Newspaper strips in the mid-twentieth century were far more prestigious and more profitable for writers and artists, which made it ideal for Jerry Siegel when DC publishers hired him back for the daily publication. Siegel and writers Robert Bernstein, Otto Binder, and Jerry Coleman mined stories of Superman from past comics, completely redrawn and changed to fit the format. The Comics Code Authority had already censored the industry into near bankruptcy, so supervillains and violence were a no-no. Instead, Superman faces reality TV aliens, sour-faced philanthropists, ugly pro wrestlers, and one very clingy Lois Lane. Kooky doesn’t begin to describe it.

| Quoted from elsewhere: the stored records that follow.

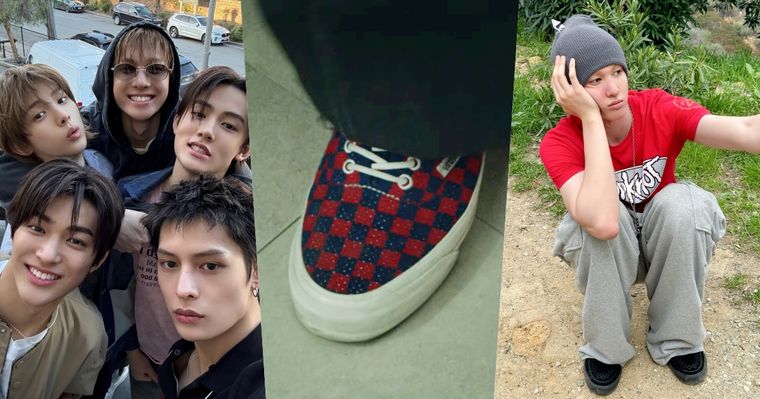 Vans真的找CORTIS代言？！洗衣店拍廣告曝光「兩雙格紋球鞋」COER準備入手同款！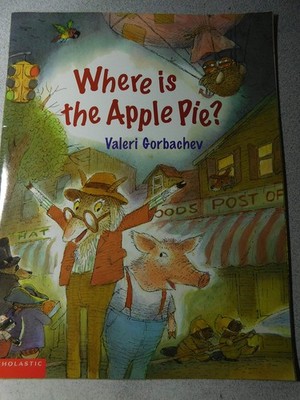 Where is the apple pie?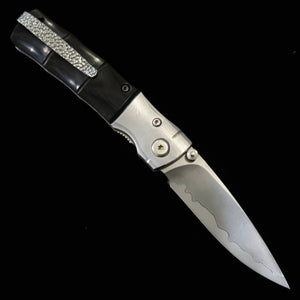 MCUSTA Shinra Mixture MC-0146G - Bamboo - SG2 - Black Pakkawood Handle (71mm)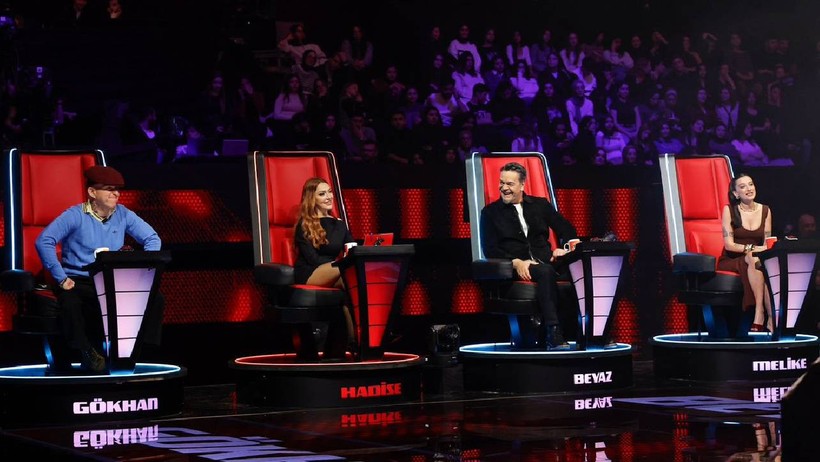 O Ses Türkiye’de Kıskançlık Krizi, Hadise Daha Fazla Dayanamadı Ağzından Kaçırdı - Resim : 2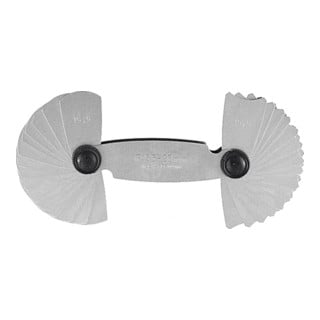 HOLEX Radiusmal voor radius 7,5-15 mm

The simplicity charms the reader, such as in “The Super-Clown of Metropolis.” Billionaire “Sad Sam” Smith knocks at death’s door and wants to experience laughter before he kicks the bucket, but there isn’t a clown or comedian alive who can break his frown. Naturally, he assumes Superman can, because that’s exactly what made Superman famous. Comedy! If Superman makes him laugh, orphans get Smith’s fortune. If not, Smith incinerates the money. So, imagine children in 1960 reading this and thinking, "This is how philanthropy works: square-jawed heroes hire midgets to hit them with cream pies until the wealthy are satisfied." Is it mere coincidence that Jerry Lewis started his annual telethon soon thereafter?
Other stories are relics of the time. Take “The Ugly Superman.” Lois Lane covers a wrestling match and falls in love with an ape-faced contender just because he wears Superman’s threads. It’s up to Clark Kent to stop the wedding. It should seem obvious to everyone that Lois does not truly love Ugly Superman, since neither she nor the writer ever refers to the guy by his real name. Just “Ugly Superman.” That’s it. Her married name would literally become Lois Ugly Superman, or Lois Lane-Ugly Superman if she felt daring.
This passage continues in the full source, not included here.